Histologic Dataset of Normal and Atypical Mitotic Figures on Human Breast Cancer (AMi-Br)
Christof A. Bertram, Viktoria Weiss, Taryn A. Donovan, Sweta Banerjee, Thomas Conrad, Jonas Ammeling, Robert Klopfleisch, Christopher Kaltenecker, Marc Aubreville
TL;DR
AMi-Br is the first public histologic dataset of atypical mitotic figures (AMFs) in human breast cancer, enabling study of AMF’s prognostic relevance. It compiles 3,720 MF instances from TUPAC and MIDOG, labeled by three experts via majority vote to distinguish 832 AMFs from 2,888 normal MFs. Baseline deep-learning experiments using DenseNet-121 and EfficientNet V2-S show patch-level balanced accuracy up to 0.806 and ROC AUC up to 0.899, with patient-level accuracy around 0.713, highlighting the challenge posed by class imbalance and morphologic overlap. The dataset and baselines provide a resource for AMF-focused prognostic modeling and motivate cross-tumor AMF research and whole-slide approaches.
Abstract
Assessment of the density of mitotic figures (MFs) in histologic tumor sections is an important prognostic marker for many tumor types, including breast cancer. Recently, it has been reported in multiple works that the quantity of MFs with an atypical morphology (atypical MFs, AMFs) might be an independent prognostic criterion for breast cancer. AMFs are an indicator of mutations in the genes regulating the cell cycle and can lead to aberrant chromosome constitution (aneuploidy) of the tumor cells.
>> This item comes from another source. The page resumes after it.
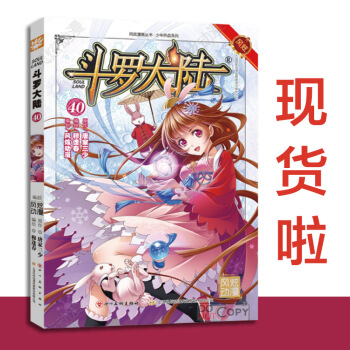 现货 斗罗大陆漫画 第40册 pdf epub mobi 下载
To facilitate further research on this topic using pattern recognition, we present the first ever publicly available dataset of atypical and normal MFs (AMi-Br). For this, we utilized two of the most popular MF datasets (MIDOG 2021 and TUPAC) and subclassified all MFs using a three expert majority vote. Our final dataset consists of 3,720 MFs, split into 832 AMFs (22.4%) and 2,888 normal MFs (77.6%) across all 223 tumor cases in the combined set. We provide baseline classification experiments to investigate the consistency of the dataset, using a Monte Carlo cross-validation and different strategies to combat class imbalance. We found an averaged balanced accuracy of up to 0.806 when using a patch-level data set split, and up to 0.713 when using a patient-level split.